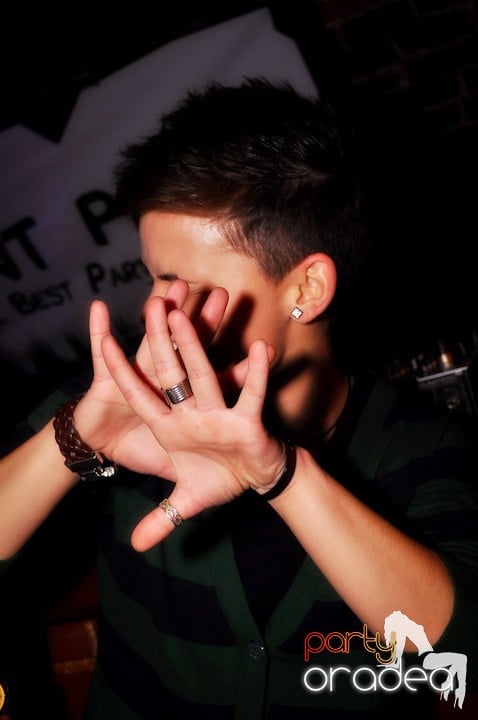 Primul NMD Party din 2012, 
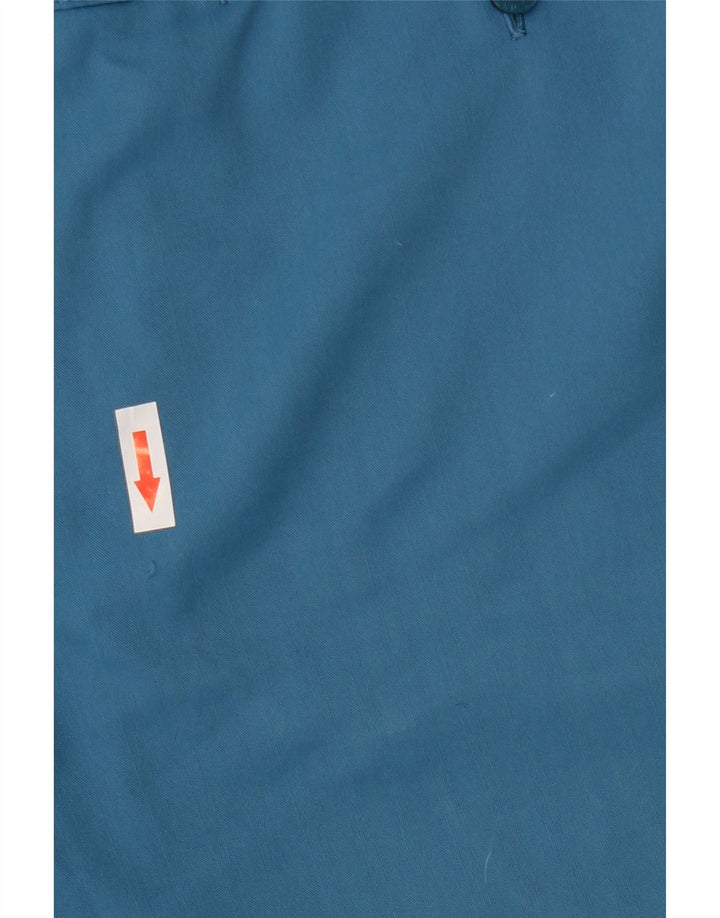 Pantaloni scurți de înot Nike Dri Fit pentru bărbați, poliester albastru mediu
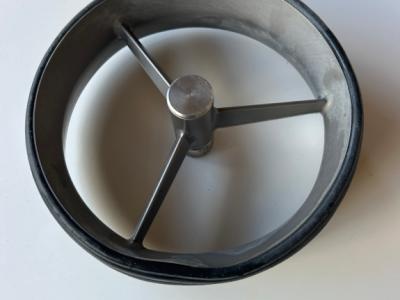 TiCad Liberty Titan Elektrotrolley – klappbar, Akku & Transporttaschen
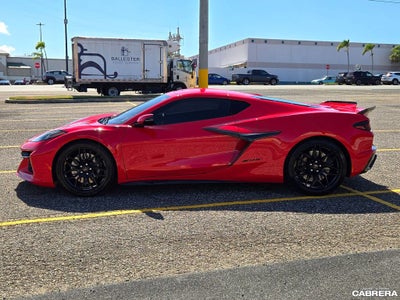 2025 Chevrolet Corvette Z06 1LZ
■ ■ ■ ■
## WORK TASK
Print the listing verbatim, images excluded.

## RESPONSE FOR THIS EXERCISE
 Primul NMD Party din 2012, 
 Pantaloni scurți de înot Nike Dri Fit pentru bărbați, poliester albastru mediu
 TiCad Liberty Titan Elektrotrolley – klappbar, Akku & Transporttaschen
 2025 Chevrolet Corvette Z06 1LZ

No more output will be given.